ジョン・マグレガー(Jon McGregor)は、1976年、英国領バミューダ諸島生まれの若い小説家である。作品を読むのははじめてだ。
裏表紙の謳い文句に、「洪水を心配する余りに、川沿いの樹の上に家を建てた男・・・」などとあって、てっきり、イタロ・カルヴィーノ『木のぼり男爵』のような奇想天外な長編小説だと勘違いして、買ってしまった。実際には、奇妙な物語を集めた短編集だった。
奇妙さは、ただのおかしなプロットによるものではない。ひとつひとつの物語に登場する人物たちは、決して論理ではなく、慢性的な偏執や、おそらく自分自身にも説明がつかぬような緩やかな衝動といったようなものによって、動かされている。ただひたすらに、徹底的に、屈折しているのである。彼ら・彼女たちの行動や思考につきあっていると、こちらの無駄な人生の時間や懊悩にも、仲間がいるのだなという気にさえさせられてしまうのだ。
樹上生活者は、毎朝、家の前で放尿し、川を往来する人々がなぜ手を振るのかを考える(とは言えないように、考える)。思春期、深夜、女性との逢瀬のあとに人を轢き殺してしまった男は、死体を埋めた場所の近くに老いるまで住み続ける。
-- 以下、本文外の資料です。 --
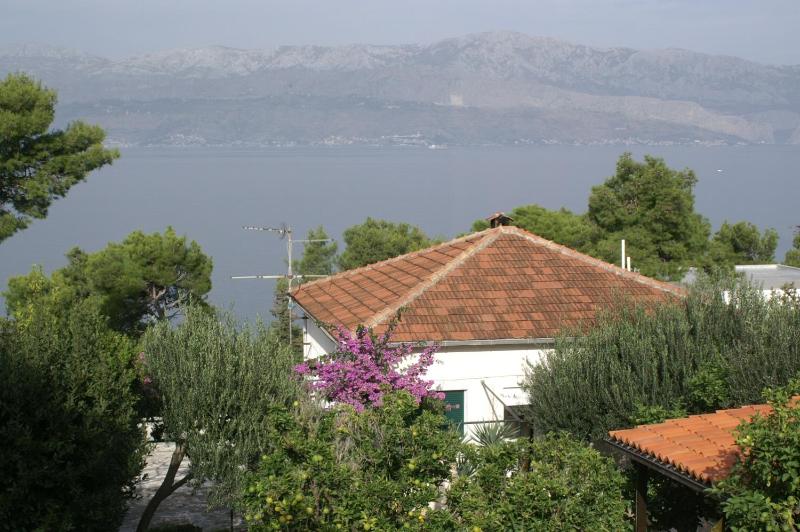 Apartments by the sea Splitska, Brac - 2865 Images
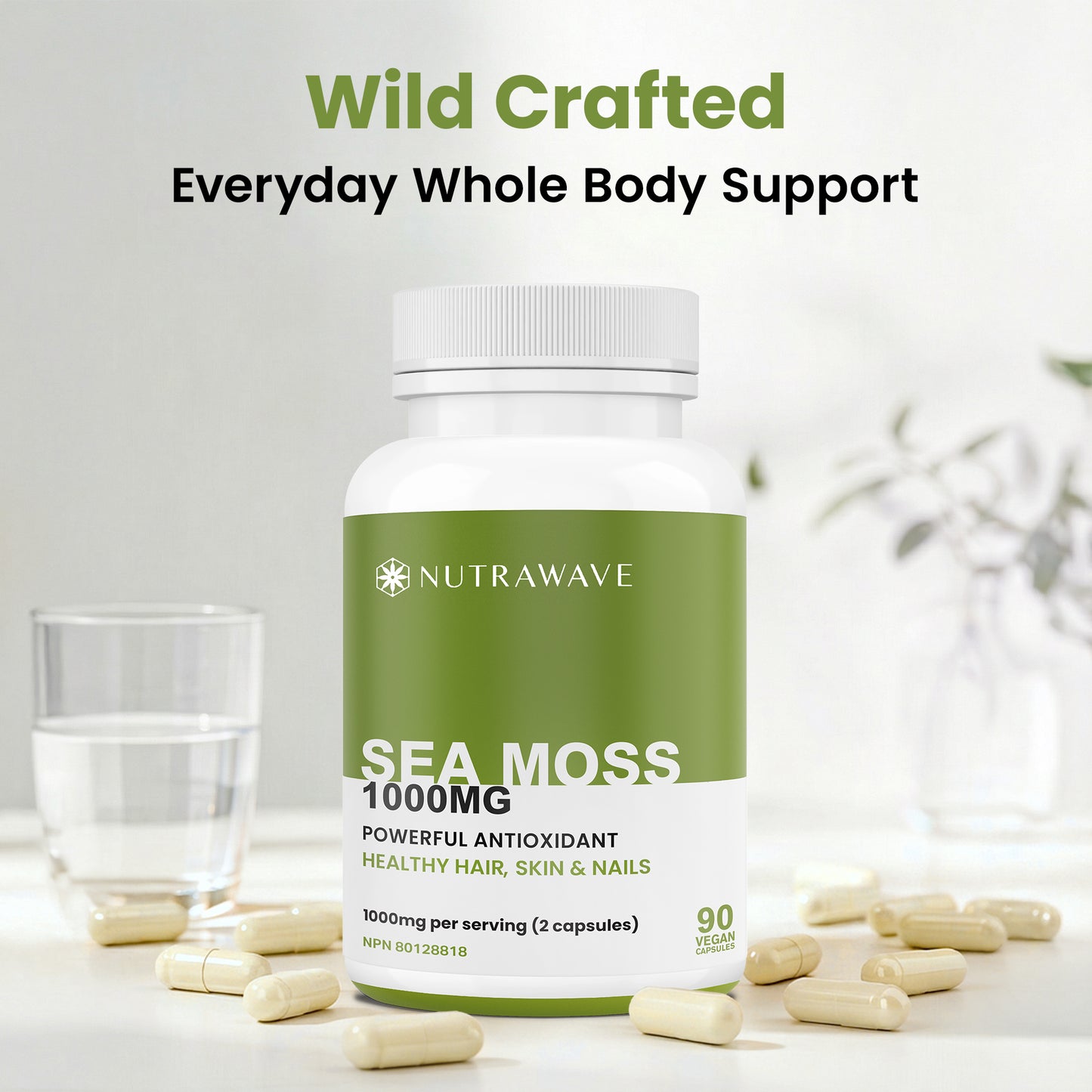 
                  
                    Irisches Meeresmoos Kapseln - 1000mg
                  
                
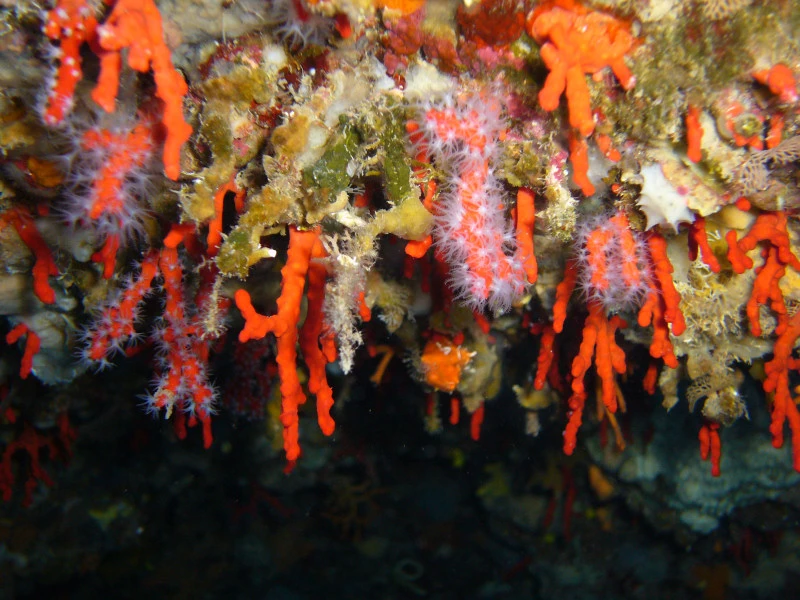 El coral Rojo (corallium rubrum)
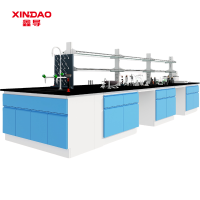 鑫导 实验室工作台 SYT58-钢木中央台定制 米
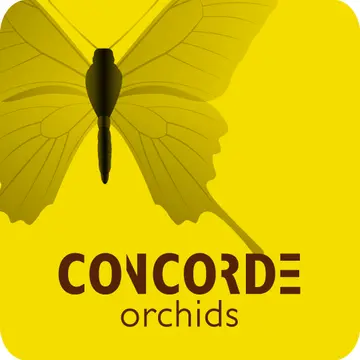 Logo van Concorde Plants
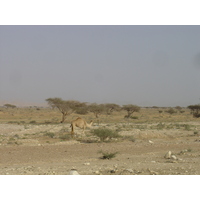 Picture Sultanate of Oman Buraimi to Mahada road 2005-03 10 - Lakes Buraimi to Mahada road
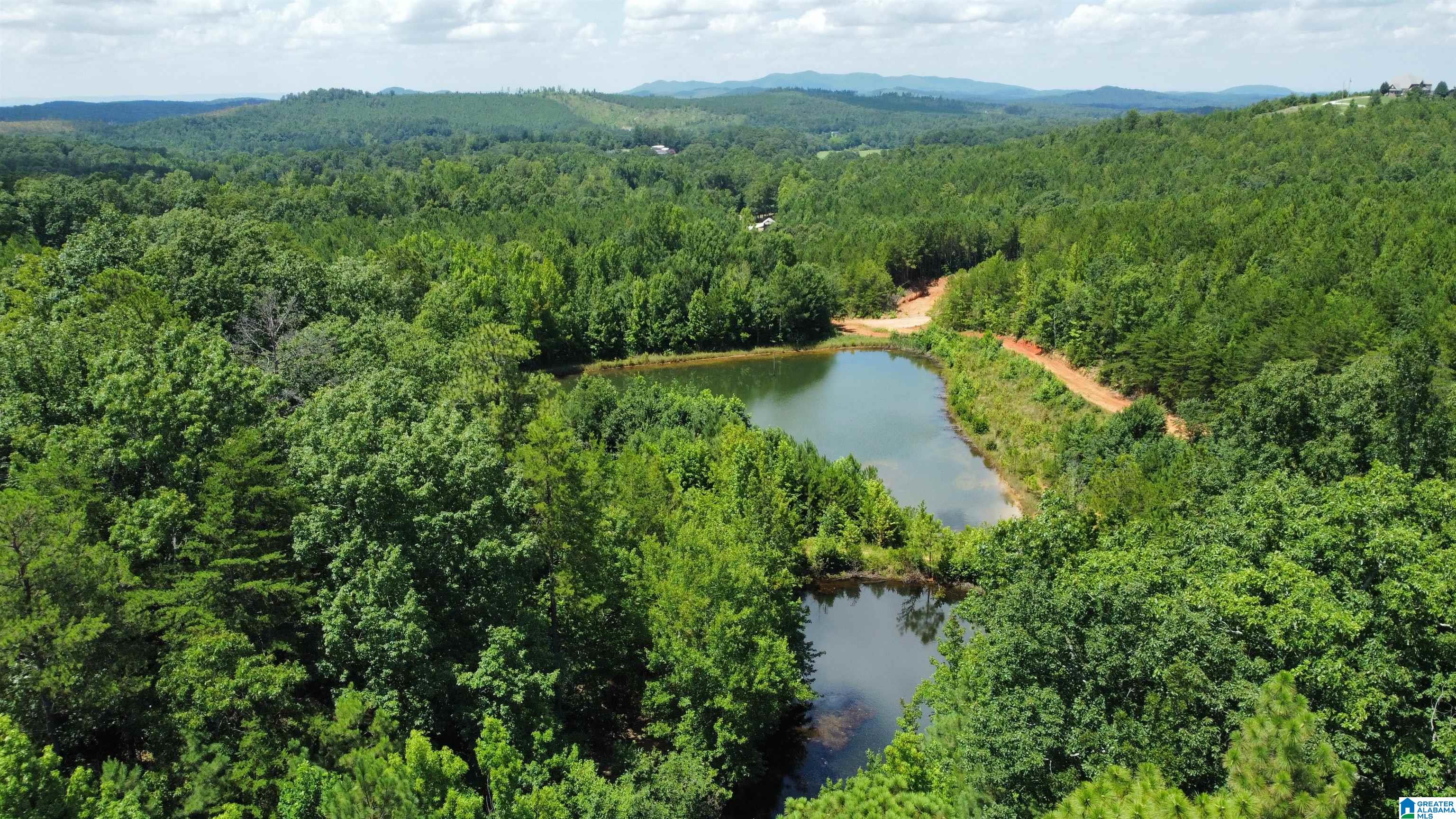 11.54 Acres TUCK-A-WAY DRIVE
ある男は、卵から、ありえないほど低い確率で、生育した鶏が出てくる可能性が頭にこびりついて離れない。ある女性は、自動車の運転中に、突然、甜菜が窓ガラスに激突し、おかしな男たちにつきまとわれる。
そのようなプロットは、それぞれの短編を紹介したことにはならない。なぜなら、その状況下での登場人物たちの言動と思考回路こそが、説明できないほど奇怪であるから。
もうどうでもいいだろうと言いたくなるほどの屈折ぶりは、英国人作家のひとつのアイデンティティか。ジュリアン・バーンズだって・・・。
短編によっては1行だけだったり、空白だらけだったり(筒井康隆『虚人たち』のように)、伏字があったりと、実験精神というか、何かヘンなことをやってやろうという意欲が溢れている。しかもそれらが上滑りしており、それすら平気の平左という感覚である。何なんだ、この人は。